B. L'AUGMENTATION NÉCESSAIRE DES DÉPENSES DE PERSONNEL
Les crédits consacrés en 2020 aux dépenses de personnel (titre 2) s'élèvent à 2,63 milliards d'euros , en augmentation de près de 99 millions d'euros par rapport à 2019. Ils absorbent les deux tiers des crédits de la mission, le solde étant composé des dépenses de fonctionnement (23 % du total), de dépenses d'investissement (10 %) et, plus marginalement, de dépenses d'intervention.
1. L'accroissement des effectifs
Le plafond d'emplois du programme est fixé en 2020 à 42 461 ETPT , au lieu de 41 511 en 2019, ce qui correspond à une hausse de 2 %. Ce relèvement du plafond permettra la création de 1 000 emplois 5 ( * ) , occasionnant une dépense supplémentaire de 24,6 millions d'euros.
Les créations d'emplois seraient donc plus nombreuses qu'en 2019 (959 créations) et qu'en 2018 (832) ; il faut remonter à 2017 pour retrouver un niveau de création d'emplois supérieur (1 255 créations, en grande partie liées au plan de lutte anti-terroriste).

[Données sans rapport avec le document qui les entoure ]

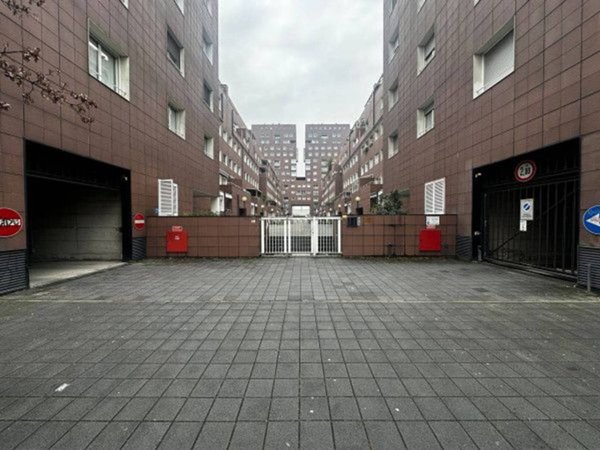 negozio in vendita a Milano in zona Bicocca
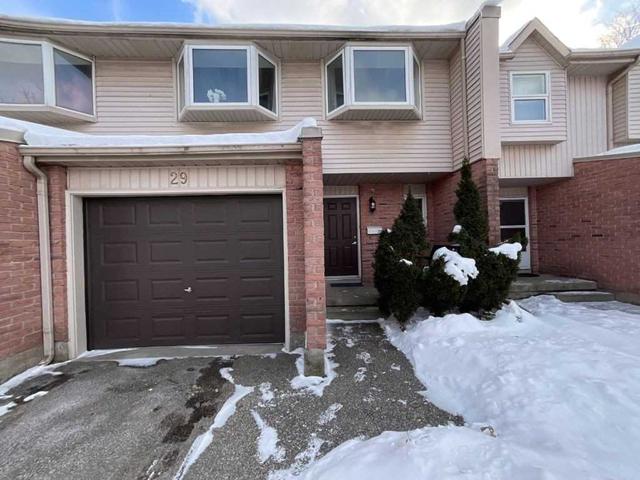 29 - 133 Sekura Cres, Townhouse with 3 bedrooms, 3 bathrooms and 2 parking in Cambridge ON | Image 1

En quatre ans, un peu plus de 4 000 emplois auront ainsi été créés, ce qui constitue un renfort significatif pour une administration de cette taille.
La majorité des créations d'emplois sont affectées à trois priorités, comme cela apparaît dans le tableau ci-dessous : combler les vacances de postes, renforcer les SPIP et accompagner l'ouverture de nouveaux établissements, dans le cadre du programme immobilier qui sera présenté dans la suite de ce rapport.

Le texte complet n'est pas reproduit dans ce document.